Data clustering, which is the process of grouping similar objects, is one approach to
determine relationships among data patterns, but data clustering approaches can face
limitations when applied to temporal data, such as difficulty tracking the moving clusters.
This research aims to analyse the ability of particle swarm optimisation (PSO)
and differential evolution (DE) algorithms to cluster temporal data. These algorithms
experience two weaknesses when applied to temporal data. The first weakness is the
loss of diversity, which refers to the fact that the population of the algorithm converges,
becoming less diverse and, therefore, limiting the algorithm’s exploration capabilities.
The second weakness, outdated memory, is only experienced by the PSO and refers to
the previous personal best solutions found by the particles becoming obsolete as the
environment changes. A data clustering algorithm that addresses these two weaknesses
is necessary to cluster temporal data.
This research describes various adaptations of PSO and DE algorithms for the purpose
of clustering temporal data. The algorithms proposed aim to address the loss of diversity
and outdated memory problems experienced by PSO and DE algorithms. These problems are addressed by combining approaches previously used for the purpose of dealing with temporal or dynamic data, such as repulsion and anti-convergence, with PSO and DE approaches used to cluster data.

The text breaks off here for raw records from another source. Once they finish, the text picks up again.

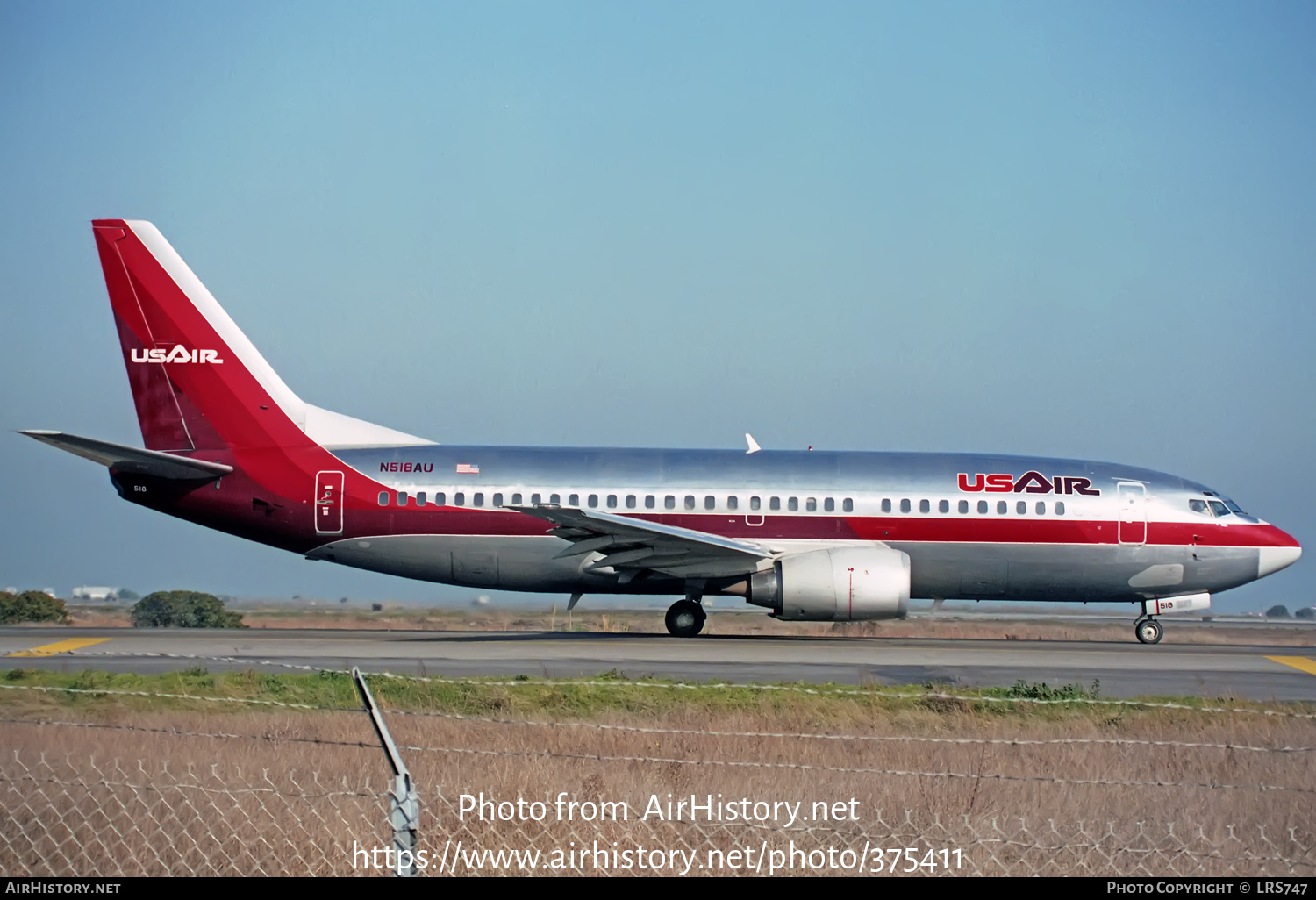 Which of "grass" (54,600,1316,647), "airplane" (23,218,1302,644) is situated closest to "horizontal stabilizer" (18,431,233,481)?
"airplane" (23,218,1302,644)

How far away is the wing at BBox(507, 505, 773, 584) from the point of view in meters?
23.0

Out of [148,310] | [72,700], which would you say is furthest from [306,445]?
[72,700]

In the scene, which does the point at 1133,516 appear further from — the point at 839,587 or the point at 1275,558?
the point at 839,587

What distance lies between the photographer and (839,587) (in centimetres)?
2295

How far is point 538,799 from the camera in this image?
29.5 feet

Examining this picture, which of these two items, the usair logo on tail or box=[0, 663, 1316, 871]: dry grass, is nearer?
box=[0, 663, 1316, 871]: dry grass

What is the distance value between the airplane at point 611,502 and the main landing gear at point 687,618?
1.3 inches

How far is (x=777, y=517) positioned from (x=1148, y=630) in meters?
7.88

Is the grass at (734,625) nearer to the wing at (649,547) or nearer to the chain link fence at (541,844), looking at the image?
the wing at (649,547)

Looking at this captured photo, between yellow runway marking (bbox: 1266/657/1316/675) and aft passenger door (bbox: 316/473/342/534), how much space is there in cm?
1664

Six PSO algorithms are introduced in this research, namely the data clustering particle swarm optimisation (DCPSO), reinitialising data clustering particle swarm optimisation (RDCPSO), cooperative data clustering particle swarm optimisation (CDCPSO), multi-swarm data clustering particle swarm optimisation (MDCPSO), cooperative multi-swarm data clustering particle swarm optimisation (CMDCPSO), and elitist cooperative multi-swarm data clustering particle swarm optimisation (eCMDCPSO). Additionally, four DE algorithms are introduced, namely the data clustering differential evolution (DCDE), re-initialising data clustering differential evolution (RDCDE), dynamic data clustering differential evolution (DCDynDE), and cooperative dynamic data clustering differential evolution (CDCDynDE).

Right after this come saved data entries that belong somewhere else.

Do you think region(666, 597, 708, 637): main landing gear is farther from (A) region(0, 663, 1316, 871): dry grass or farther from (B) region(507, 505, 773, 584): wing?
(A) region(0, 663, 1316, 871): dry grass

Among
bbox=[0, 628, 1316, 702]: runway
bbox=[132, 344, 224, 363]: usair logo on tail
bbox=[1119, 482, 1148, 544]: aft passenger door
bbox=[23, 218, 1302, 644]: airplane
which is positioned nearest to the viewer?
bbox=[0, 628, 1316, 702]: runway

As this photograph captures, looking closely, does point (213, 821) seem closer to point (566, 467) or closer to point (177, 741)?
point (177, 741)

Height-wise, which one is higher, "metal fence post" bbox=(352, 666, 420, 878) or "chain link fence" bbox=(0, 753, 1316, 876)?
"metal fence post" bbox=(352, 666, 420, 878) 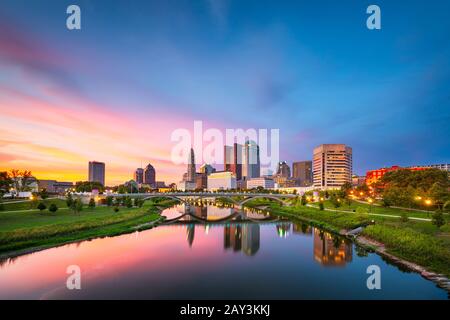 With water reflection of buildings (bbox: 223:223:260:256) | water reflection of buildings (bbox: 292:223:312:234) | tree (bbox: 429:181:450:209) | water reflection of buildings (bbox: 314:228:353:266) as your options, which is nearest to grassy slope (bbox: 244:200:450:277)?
water reflection of buildings (bbox: 314:228:353:266)

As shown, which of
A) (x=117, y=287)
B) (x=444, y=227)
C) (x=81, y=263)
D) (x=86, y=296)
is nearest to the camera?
(x=86, y=296)

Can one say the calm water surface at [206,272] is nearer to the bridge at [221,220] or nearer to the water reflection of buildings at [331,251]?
the water reflection of buildings at [331,251]

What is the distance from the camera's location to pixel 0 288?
20.6 metres

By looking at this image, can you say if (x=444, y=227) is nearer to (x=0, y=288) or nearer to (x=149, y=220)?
(x=0, y=288)

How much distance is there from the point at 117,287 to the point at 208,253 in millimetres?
15298

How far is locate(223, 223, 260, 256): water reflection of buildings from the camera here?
3816 cm

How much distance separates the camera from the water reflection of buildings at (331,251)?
29.5 metres

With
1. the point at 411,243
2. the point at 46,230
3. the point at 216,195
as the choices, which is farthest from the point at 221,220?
the point at 411,243

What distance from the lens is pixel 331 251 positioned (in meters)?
33.7

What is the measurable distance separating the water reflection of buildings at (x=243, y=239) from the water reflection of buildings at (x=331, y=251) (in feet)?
28.5

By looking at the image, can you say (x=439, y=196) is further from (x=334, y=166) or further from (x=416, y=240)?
(x=334, y=166)

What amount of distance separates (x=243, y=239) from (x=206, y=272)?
1973cm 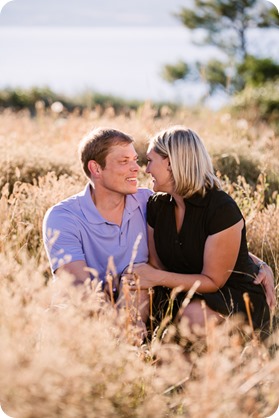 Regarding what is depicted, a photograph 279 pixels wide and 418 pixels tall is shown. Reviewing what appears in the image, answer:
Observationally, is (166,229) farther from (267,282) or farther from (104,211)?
(267,282)

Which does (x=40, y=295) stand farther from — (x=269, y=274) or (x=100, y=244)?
(x=269, y=274)

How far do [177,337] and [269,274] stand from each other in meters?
0.68

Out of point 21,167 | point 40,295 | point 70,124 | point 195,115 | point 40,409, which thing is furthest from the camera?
point 195,115

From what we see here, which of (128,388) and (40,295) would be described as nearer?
(40,295)

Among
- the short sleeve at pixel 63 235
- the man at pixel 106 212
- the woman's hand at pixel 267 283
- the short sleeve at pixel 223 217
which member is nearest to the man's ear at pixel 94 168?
the man at pixel 106 212

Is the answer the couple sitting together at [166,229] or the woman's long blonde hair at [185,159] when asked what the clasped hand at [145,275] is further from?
the woman's long blonde hair at [185,159]

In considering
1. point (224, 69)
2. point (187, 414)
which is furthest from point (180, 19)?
point (187, 414)

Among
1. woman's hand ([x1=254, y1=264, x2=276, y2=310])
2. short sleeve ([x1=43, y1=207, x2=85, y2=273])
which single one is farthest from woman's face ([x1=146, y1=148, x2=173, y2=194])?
woman's hand ([x1=254, y1=264, x2=276, y2=310])

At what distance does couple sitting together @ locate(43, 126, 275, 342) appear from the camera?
12.0 ft

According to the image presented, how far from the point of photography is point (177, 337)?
147 inches

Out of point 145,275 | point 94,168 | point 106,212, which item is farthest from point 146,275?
point 94,168

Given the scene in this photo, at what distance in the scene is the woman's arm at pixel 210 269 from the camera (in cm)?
363

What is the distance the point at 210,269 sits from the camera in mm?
3654

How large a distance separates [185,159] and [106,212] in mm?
587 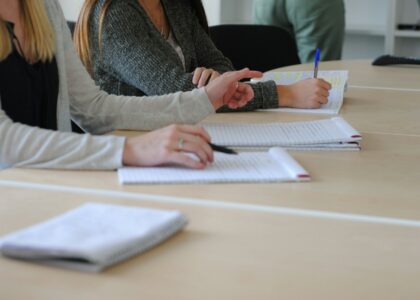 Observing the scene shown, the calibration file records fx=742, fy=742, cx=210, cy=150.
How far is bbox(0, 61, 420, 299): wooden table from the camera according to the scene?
2.48ft

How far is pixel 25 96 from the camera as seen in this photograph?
152 centimetres

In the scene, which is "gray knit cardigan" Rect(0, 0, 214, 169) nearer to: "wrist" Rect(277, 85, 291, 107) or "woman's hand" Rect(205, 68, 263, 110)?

The PSO and DE algorithms introduced require prior knowledge of the total number of
clusters in the dataset. The total number of clusters in a real-world dataset, however, is
not always known. For this reason, the best performing PSO and best performing DE are
compared. The CDCDynDE is selected as the winning algorithm, which is then adapted
to determine the optimal number of clusters dynamically. The resulting algorithm is the
k-independent cooperative data clustering differential evolution (KCDCDynDE) algorithm, which was compared against the local network neighbourhood artificial immune system (LNNAIS) algorithm, which is an artificial immune system (AIS) designed to cluster temporal data and determine the total number of clusters dynamically. It was
determined that the KCDCDynDE performed the clustering task well for problems with
frequently changing data, high-dimensions, and pattern and cluster data migration types.